Within eight days after the resolution to issue shares or to designate another corporate body has been adopted, the Management Board shall deposit the full text thereof at the trade register of the Chamber of Commerce and Industries in which territory the company is registered.
5.
Within eight days upon the end of a calendar quarter, the Management Board shall report any issuance of shares during the previous quarter to the trade register of the Chamber of Commerce and Industries, in which territory the company is registered.
6.
Shareholders shall have a right of pre-emption if rights to subscribe for shares are granted by the company; the preceding paragraphs shall apply mutatis mutandis. Shareholders shall have no pre-emption right in respect of shares issued to a person who exercises a previously acquired right to subscribe for shares.

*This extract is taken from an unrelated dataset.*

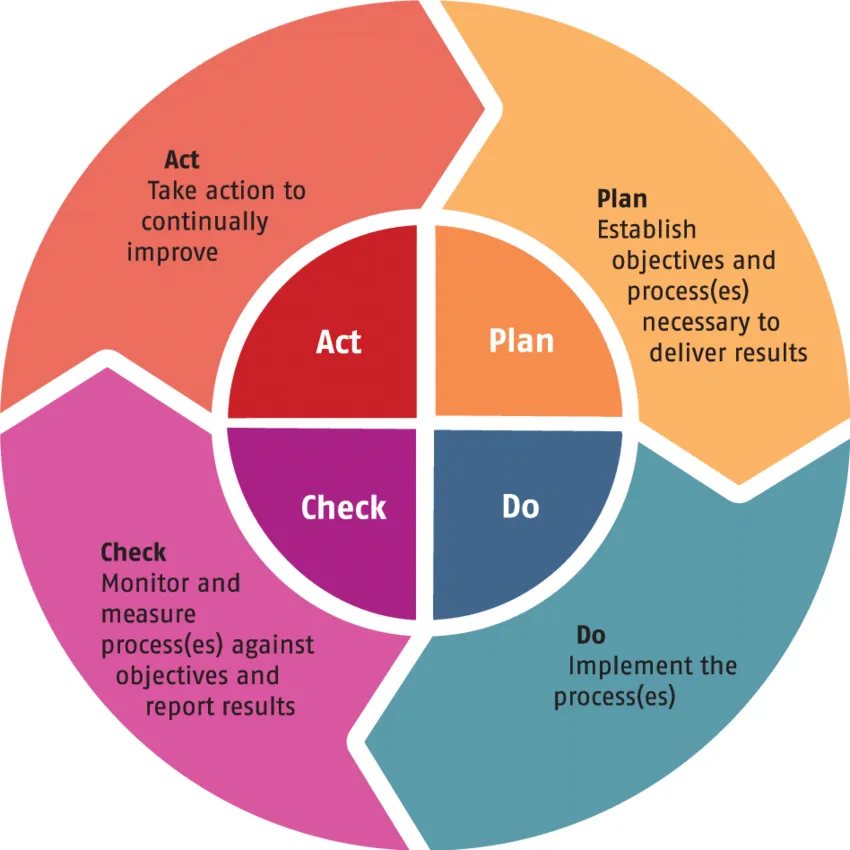 Representación visual del ciclo PDCA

Article 8. Payment for shares.
1.
On the issuance of each share, the full nominal amount must be paid up.
2.
Payment for shares must be made in cash in so far as no other form of payment has been agreed. Payment in foreign currency can only take place with the approval of the company.
3.
The company may not provide collateral, guarantee the price, otherwise act as surety or bind itself jointly and severally with or for third parties, for the purpose of the subscription or the acquisition by third parties of shares in its own capital or of depository receipts issued thereof.
4.
The company may only provide loans for the purpose of the subscription or the acquisition by third parties of shares in its own capital or of depository receipts issued thereof if made in accordance with and subject to Section 2:98c of the Civil Code.
5.
Paragraphs 3 and 4 shall not apply if shares are subscribed or acquired by or for employees of the company or of a group company as referred to in Section 2:24b of the Civil Code.
Article 9. Own shares.
1.
When issuing shares, the company shall not be entitled to subscribe for its own shares.
2.
The company may, in accordance with the relevant provisions of the law, acquire fully paid in shares in its own capital or depository receipts thereof.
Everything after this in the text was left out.